◆ **YOUR ASSIGNMENT**
Write the lines below out exactly, dropping each picture.

◆ **DATA SEGMENT**
########################################

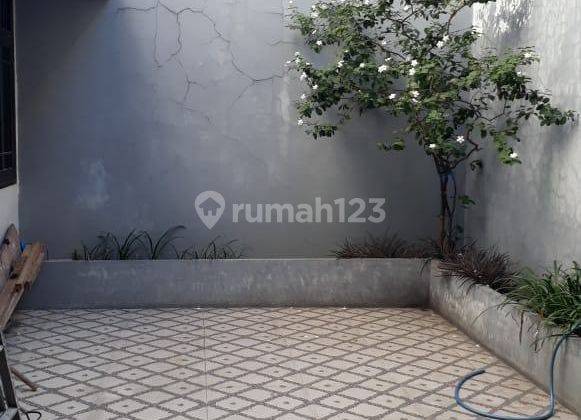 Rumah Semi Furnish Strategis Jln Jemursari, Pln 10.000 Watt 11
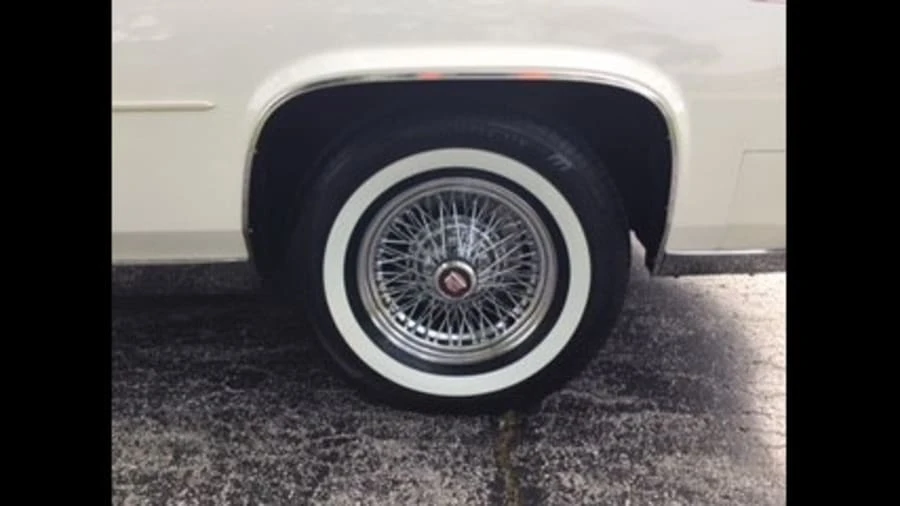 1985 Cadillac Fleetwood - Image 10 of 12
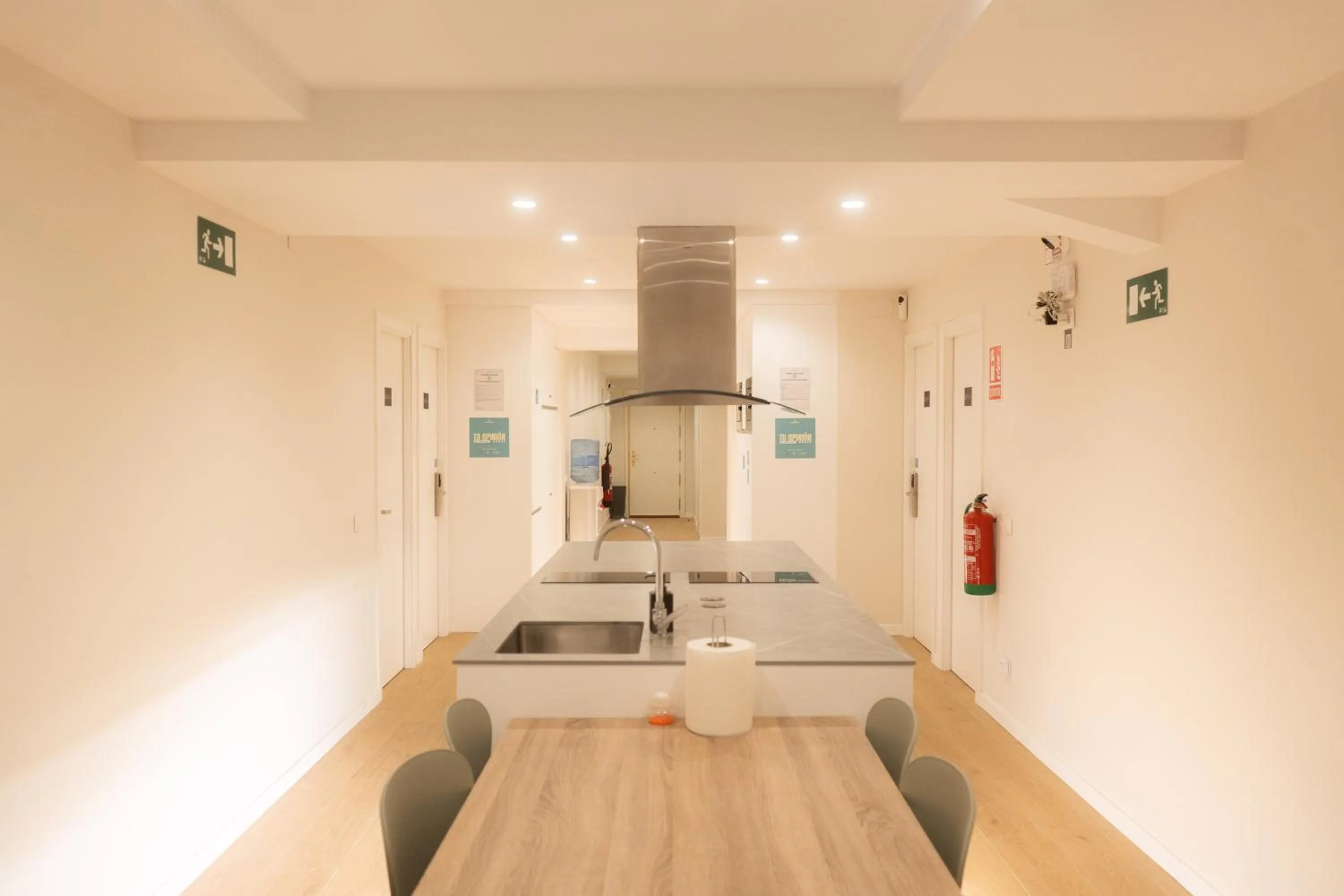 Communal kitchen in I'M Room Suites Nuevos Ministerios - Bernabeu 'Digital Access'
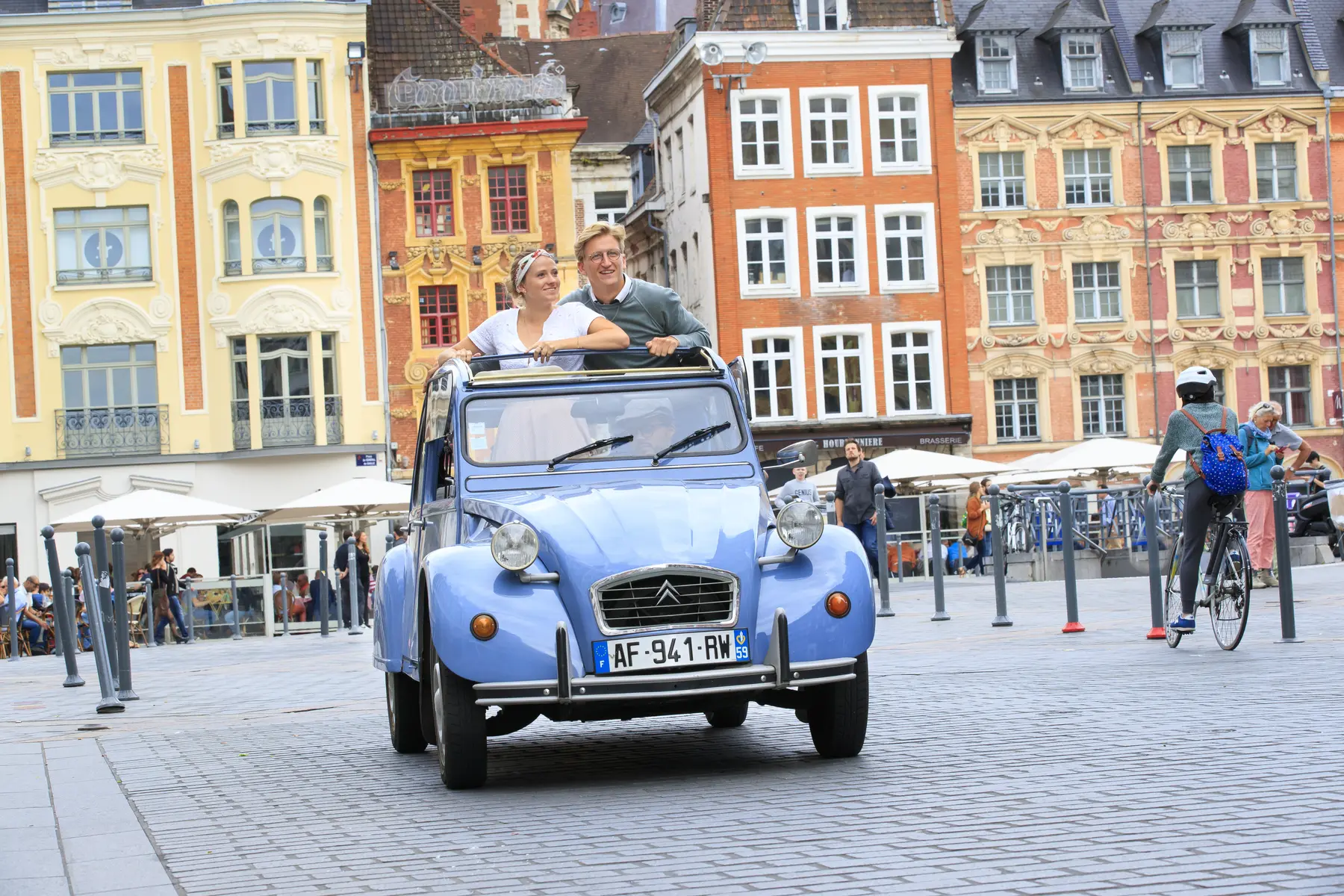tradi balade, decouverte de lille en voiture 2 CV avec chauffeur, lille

########################################

◆ **EXERCISE OUTPUT**
 Rumah Semi Furnish Strategis Jln Jemursari, Pln 10.000 Watt 11
 1985 Cadillac Fleetwood - Image 10 of 12
 Communal kitchen in I'M Room Suites Nuevos Ministerios - Bernabeu 'Digital Access'
tradi balade, decouverte de lille en voiture 2 CV avec chauffeur, lille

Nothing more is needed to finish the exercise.